Hi TD,

Thanks for the response. I do believe I understand the concept and the need
for the filterfunction now. I made the requisite code changes and keeping
it running overnight to see the effect of it. Hopefully this should fix our
issue.

However, there was one place where I encountered a followup issue and had
to disable that reduce operation for the moment in order to proceed with my
testing for the rest of the changes.

This particular reduceByKeyAndWindow operates on a key-value pair <String,
HashSet<Long>>. Once the size of a HashSet drops to 0, we remove the
corresponding Key with the filterfunction specified as

( p -> ! p._2().isEmpty())

That looks about right to me. However, soon after the first slide occurs in
this window, its throwing the following exceptions and aborting that batch.
The stack trace is below. I am not quite sure what to make of it (perhaps
partly due to the late hour :-D ). Any idea what could be wrong here? As
far as I know, String and HashSet<Long> should hash quite consistently.

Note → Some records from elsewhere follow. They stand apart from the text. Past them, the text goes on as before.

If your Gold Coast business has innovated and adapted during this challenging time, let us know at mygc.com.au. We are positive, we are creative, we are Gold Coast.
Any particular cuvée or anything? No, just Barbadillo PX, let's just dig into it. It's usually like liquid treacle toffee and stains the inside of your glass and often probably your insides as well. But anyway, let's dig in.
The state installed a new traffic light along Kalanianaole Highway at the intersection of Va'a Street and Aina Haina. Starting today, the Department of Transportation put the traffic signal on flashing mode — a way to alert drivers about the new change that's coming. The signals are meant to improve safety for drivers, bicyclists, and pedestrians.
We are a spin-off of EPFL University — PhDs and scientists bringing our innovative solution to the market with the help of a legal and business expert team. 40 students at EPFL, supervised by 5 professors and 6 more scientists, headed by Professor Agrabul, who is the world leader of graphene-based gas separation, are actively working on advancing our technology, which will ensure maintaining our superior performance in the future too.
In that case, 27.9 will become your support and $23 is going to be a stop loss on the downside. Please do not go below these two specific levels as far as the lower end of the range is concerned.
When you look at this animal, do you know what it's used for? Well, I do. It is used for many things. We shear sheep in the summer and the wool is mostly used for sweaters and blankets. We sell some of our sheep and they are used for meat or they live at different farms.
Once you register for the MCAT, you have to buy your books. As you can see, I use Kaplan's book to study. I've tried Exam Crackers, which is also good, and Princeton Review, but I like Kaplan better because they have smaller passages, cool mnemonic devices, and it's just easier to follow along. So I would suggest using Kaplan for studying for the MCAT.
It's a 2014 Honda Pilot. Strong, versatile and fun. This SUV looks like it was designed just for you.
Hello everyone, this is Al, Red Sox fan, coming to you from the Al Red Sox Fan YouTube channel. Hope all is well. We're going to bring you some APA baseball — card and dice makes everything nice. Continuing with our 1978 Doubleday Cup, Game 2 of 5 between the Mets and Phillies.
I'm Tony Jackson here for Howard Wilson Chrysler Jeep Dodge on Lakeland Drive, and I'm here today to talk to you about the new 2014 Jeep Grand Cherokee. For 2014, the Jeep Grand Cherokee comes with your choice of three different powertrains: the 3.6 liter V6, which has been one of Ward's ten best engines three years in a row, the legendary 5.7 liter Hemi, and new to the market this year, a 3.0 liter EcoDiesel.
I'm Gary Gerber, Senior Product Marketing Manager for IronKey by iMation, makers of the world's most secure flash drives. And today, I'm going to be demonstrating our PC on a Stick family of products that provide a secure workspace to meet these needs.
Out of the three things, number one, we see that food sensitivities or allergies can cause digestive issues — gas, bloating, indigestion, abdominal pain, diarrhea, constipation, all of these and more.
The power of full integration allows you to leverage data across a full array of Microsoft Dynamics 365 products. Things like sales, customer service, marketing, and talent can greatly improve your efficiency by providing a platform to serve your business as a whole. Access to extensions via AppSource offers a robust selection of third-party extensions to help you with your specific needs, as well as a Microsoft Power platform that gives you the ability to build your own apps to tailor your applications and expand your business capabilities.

Also, if there is no way to avoid this issue, I am thinking of rewriting
that part of the code to use a foldByKey or combineByKey operation instead
of reduceByKey.

Thanks
Nikunj


java.lang.Exception: Neither previous window has value for key, nor new
values found. Are you sure your key class hashes consistently?
        at
org.apache.spark.streaming.dstream.ReducedWindowedDStream$$anonfun$4.apply(ReducedWindowedDStream.scala:147)
        at
org.apache.spark.streaming.dstream.ReducedWindowedDStream$$anonfun$4.apply(ReducedWindowedDStream.scala:134)
        at
org.apache.spark.rdd.PairRDDFunctions$$anonfun$mapValues$1$$anonfun$apply$41$$anonfun$apply$42.apply(PairRDDFunctions.scala:700)
        at
org.apache.spark.rdd.PairRDDFunctions$$anonfun$mapValues$1$$anonfun$apply$41$$anonfun$apply$42.apply(PairRDDFunctions.scala:700)
        at scala.collection.Iterator$$anon$11.next(Iterator.scala:328)
        at scala.collection.Iterator$$anon$14.hasNext(Iterator.scala:389)
        at
org.apache.spark.storage.MemoryStore.unrollSafely(MemoryStore.scala:276)
        at
org.apache.spark.CacheManager.putInBlockManager(CacheManager.scala:171)
        at org.apache.spark.CacheManager.getOrCompute(CacheManager.scala:78)
        at org.apache.spark.rdd.RDD.iterator(RDD.scala:242)
        at
org.apache.spark.rdd.CoGroupedRDD$$anonfun$compute$2.apply(CoGroupedRDD.scala:139)
        at
org.apache.spark.rdd.CoGroupedRDD$$anonfun$compute$2.apply(CoGroupedRDD.scala:135)
        at
scala.collection.TraversableLike$WithFilter$$anonfun$foreach$1.apply(TraversableLike.scala:772)
        at scala.collection.immutable.List.foreach(List.scala:318)
        at
scala.collection.TraversableLike$WithFilter.foreach(TraversableLike.scala:771)
        at org.apache.spark.rdd.CoGroupedRDD.compute(CoGroupedRDD.scala:135)
        at org.apache.spark.rdd.RDD.computeOrReadCheckpoint(RDD.scala:277)
        at org.apache.spark.rdd.RDD.iterator(RDD.scala:244)
        at
org.apache.spark.rdd.MapPartitionsRDD.compute(MapPartitionsRDD.scala:35)
        at org.apache.spark.rdd.RDD.computeOrReadCheckpoint(RDD.scala:277)
        at org.apache.spark.rdd.RDD.iterator(RDD.scala:244)
        at
org.apache.spark.rdd.MapPartitionsRDD.compute(MapPartitionsRDD.scala:35)
        at org.apache.spark.rdd.RDD.computeOrReadCheckpoint(RDD.scala:277)
        at org.apache.spark.rdd.RDD.iterator(RDD.scala:244)
        at
org.apache.spark.rdd.MapPartitionsRDD.compute(MapPartitionsRDD.scala:35)
        at org.apache.spark.rdd.RDD.computeOrReadCheckpoint(RDD.scala:277)
        at org.apache.spark.rdd.RDD.iterator(RDD.scala:244)
        at
org.apache.spark.rdd.MapPartitionsRDD.compute(MapPartitionsRDD.scala:35)
        at org.apache.spark.rdd.RDD.computeOrReadCheckpoint(RDD.scala:277)
        at org.apache.spark.rdd.RDD.iterator(RDD.scala:244)
        at
org.apache.spark.scheduler.ShuffleMapTask.runTask(ShuffleMapTask.scala:70)
        at
org.apache.spark.scheduler.ShuffleMapTask.runTask(ShuffleMapTask.scala:41)
        at org.apache.spark.scheduler.Task.run(Task.scala:70)
        at
org.apache.spark.executor.Executor$TaskRunner.run(Executor.scala:213)
        at
java.util.concurrent.ThreadPoolExecutor.runWorker(ThreadPoolExecutor.java:1142)
        at
java.util.concurrent.ThreadPoolExecutor$Worker.run(ThreadPoolExecutor.java:617)
        at java.lang.Thread.run(Thread.java:745)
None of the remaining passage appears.